* _Excerpted data_
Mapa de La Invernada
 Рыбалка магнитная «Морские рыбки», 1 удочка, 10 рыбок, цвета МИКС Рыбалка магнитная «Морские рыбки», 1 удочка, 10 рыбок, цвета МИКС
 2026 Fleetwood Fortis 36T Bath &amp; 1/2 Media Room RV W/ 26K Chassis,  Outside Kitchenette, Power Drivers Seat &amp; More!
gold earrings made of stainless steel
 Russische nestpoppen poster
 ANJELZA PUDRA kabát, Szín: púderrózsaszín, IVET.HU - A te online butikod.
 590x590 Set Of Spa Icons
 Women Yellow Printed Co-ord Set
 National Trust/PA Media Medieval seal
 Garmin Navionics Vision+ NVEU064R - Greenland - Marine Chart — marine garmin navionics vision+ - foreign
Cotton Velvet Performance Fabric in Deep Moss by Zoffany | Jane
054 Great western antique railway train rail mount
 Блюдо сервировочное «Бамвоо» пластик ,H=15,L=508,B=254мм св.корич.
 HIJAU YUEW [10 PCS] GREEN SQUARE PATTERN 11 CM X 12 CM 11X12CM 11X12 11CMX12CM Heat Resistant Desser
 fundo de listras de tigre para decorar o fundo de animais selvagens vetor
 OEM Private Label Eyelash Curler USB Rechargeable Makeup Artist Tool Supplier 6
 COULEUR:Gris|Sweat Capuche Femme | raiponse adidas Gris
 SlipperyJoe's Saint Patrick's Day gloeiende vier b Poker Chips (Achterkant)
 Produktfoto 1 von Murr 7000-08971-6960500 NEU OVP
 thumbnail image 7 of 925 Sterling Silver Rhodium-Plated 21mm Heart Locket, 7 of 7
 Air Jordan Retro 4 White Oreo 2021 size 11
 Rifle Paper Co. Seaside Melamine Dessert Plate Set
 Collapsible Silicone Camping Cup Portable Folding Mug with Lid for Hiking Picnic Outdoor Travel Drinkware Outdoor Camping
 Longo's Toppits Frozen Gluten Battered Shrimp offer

* _Task item_
Using the entries above, give again exactly the lines from the line holding "Women Yellow Printed Co-ord Set" through the line holding "HIJAU YUEW [10". Include both end lines and nothing else.

* _Expected output_
 Women Yellow Printed Co-ord Set
 National Trust/PA Media Medieval seal
 Garmin Navionics Vision+ NVEU064R - Greenland - Marine Chart — marine garmin navionics vision+ - foreign
Cotton Velvet Performance Fabric in Deep Moss by Zoffany | Jane
054 Great western antique railway train rail mount
 Блюдо сервировочное «Бамвоо» пластик ,H=15,L=508,B=254мм св.корич.
 HIJAU YUEW [10 PCS] GREEN SQUARE PATTERN 11 CM X 12 CM 11X12CM 11X12 11CMX12CM Heat Resistant Desser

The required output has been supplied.